Евгений Козловский - Мы встретились в Раю… Часть третья
Отца Ауры, крупного вильнюсского инженера, директора радиозавода, едва ей исполнилось пять лет, перевели в Москву, в главк, и сейчас он служил первым заместителем министра. Аура прижилась в Москве, ходила во французскую спецшколу, занималась во Дворце пионеров. По-литовски говорить почти разучилась — отец в Москве женился на русской, — зато без акцента говорила по-русски и по-французски; мало-помалу учила и санскрит. Школу окончила с медалью и сразу же поступила на филфак в Университет. Аура любила и понимала язык и полагала, что учиться будет легко и приятно. Но, параллельно со специальными, начались общественные дисциплины, лекции — это еще Бог с ними, — семинары! — и Аура, по натуре горячая, импульсивная, прямая настолько, что несколько даже своей прямотою и кокетничала, вместо того чтобы формально сдавать зачеты, ибо, как цинично предупредили студентов на первой же лекции, с них спрашивают не истину, а знание предлагаемых для запоминания формул, — стала ловить ведущую семинары даму на тысячах противоречий между теорией и существенностью развитого социализма. Аура приводила примеры из жизни собственной семьи, рассказывала о закрытых распределителях, персональной даче, разъездах мачехи на «Чайке» к портнихам, о деньгах в конверте, о Четвертом управлении, о прочем, прочем и прочем, и однажды преподавательнице, прежде мешавшейся от Ауриных выступлений и совсем было уже собравшейся пробиваться к ее отцу — жаловаться на дочку, хватило ума Ауру во всем и обвинить: что ж, мол, она, пользуясь этими незаслуженными благами, изучает себе с приятностью и комфортом языки индоевропейской группы, вместо того чтобы реально производить материальные ценности? что ж, мол, не идет на завод?! Вот тогда она уже и сможет с полным внутренним правом бороться против того, что кажется ей в нашем жизненном устройстве неидеальным, не соответствующим учению классиков и элементарной справедливости! А кто она сейчас?!

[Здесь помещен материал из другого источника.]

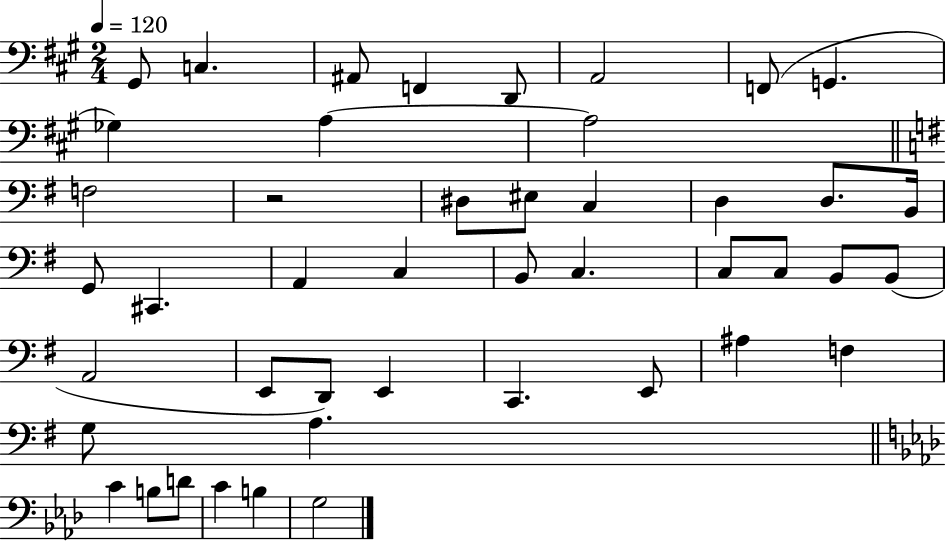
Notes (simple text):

G#2/e C3/q. A#2/e F2/q D2/e A2/h F2/e G2/q. Gb3/q A3/q A3/h F3/h R/h D#3/e EIS3/e C3/q D3/q D3/e. B2/s G2/e C#2/q. A2/q C3/q B2/e C3/q. C3/e C3/e B2/e B2/e A2/h E2/e D2/e E2/q C2/q. E2/e A#3/q F3/q G3/e A3/q. C4/q B3/e D4/e C4/q B3/q G3/h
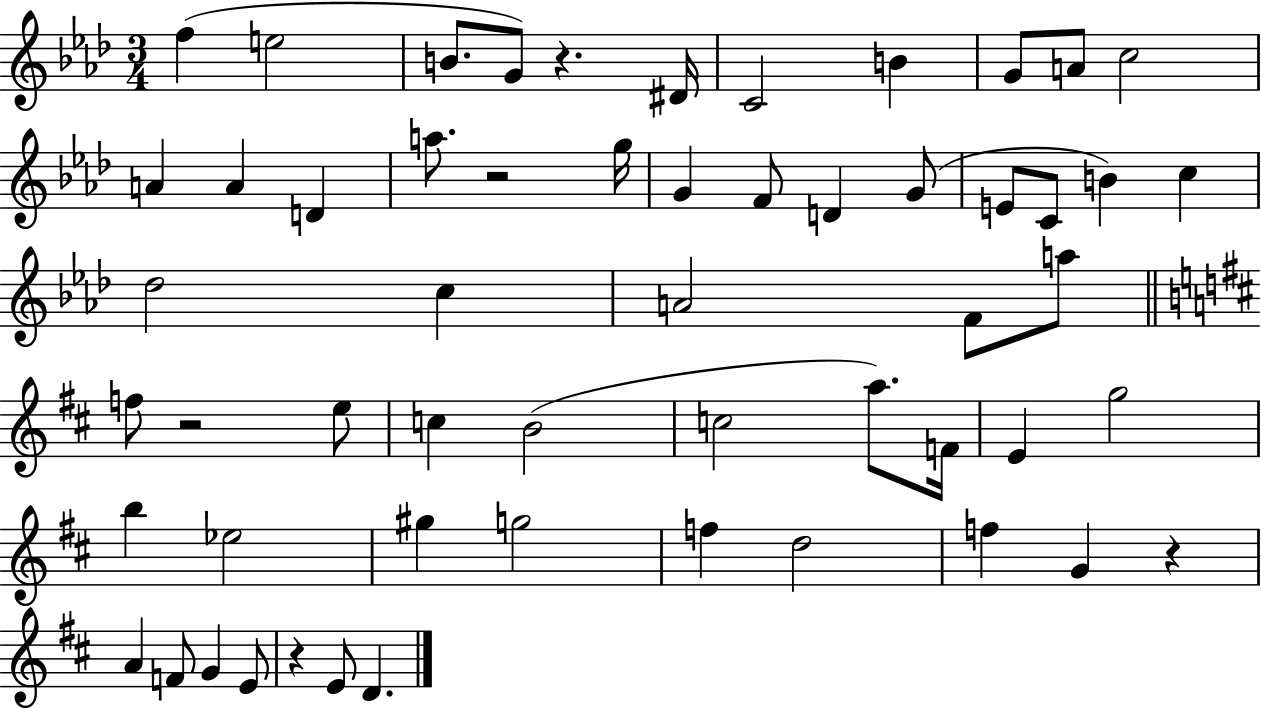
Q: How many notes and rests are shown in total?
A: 56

Реакция девочки на публичный обвинительный монолог оказалась значительнее, чем предполагала преподавательница: Аура забрала документы и действительно устроилась на завод, а спустя две недели, когда ежевечерние домашние сцены стали невыносимыми, ушла и из дома в общежитие. Три месяца проходив в ученицах, Аура стала револьверщицею, и едкая эмульсия начала разъедать нежную кожу ее рук, и без того изрезанную уже мелкой стальной стружкою. Толик, ее учитель и наставник, набивался и в любовники, хорошо, он согласен! — в женихи, и как уговаривала себя Аура терпеть, закусив тубу, работу у станка, так же уговаривала не проявлять высокомерия и по отношению к Толику, не морщиться от его фраз, сдерживать брезгливость от прикосновений его всегда, казалось ей, немытых рук, — и чем все это труднее давалось, тем решительнее согласилась однажды Аура стать его женою. А чего стоило ей одно только знакомство с матерью жениха, которой Аура не понравилась настолько, что будущая belle mere, нечистая, расплывшаяся старуха с седыми усами, не сочла нужным свое впечатление скрыть? Чего стоило посещение однокомнатной квартиры с тусклыми, двадцатипятисвечевыми лампочками, с въевшимся навечно в истертые обои прогорклым запахом еды и дешевой парфюмерии, с красотками из журналов над изголовьем металлической кровати Толика! — квартиры, где в обществе старухи предстояло прожить несколько лет, пока на заводе не дадут собственную жилплощадь или пока старуха не умрет. Но Аура держалась и даже действовала: вступив в профсоюз металлистов, вошла в культмассовый сектор цехкома, организовывала походы в театр, в консерваторию, разнообразные поездки, вот эту, например: в Пушкинские Горы.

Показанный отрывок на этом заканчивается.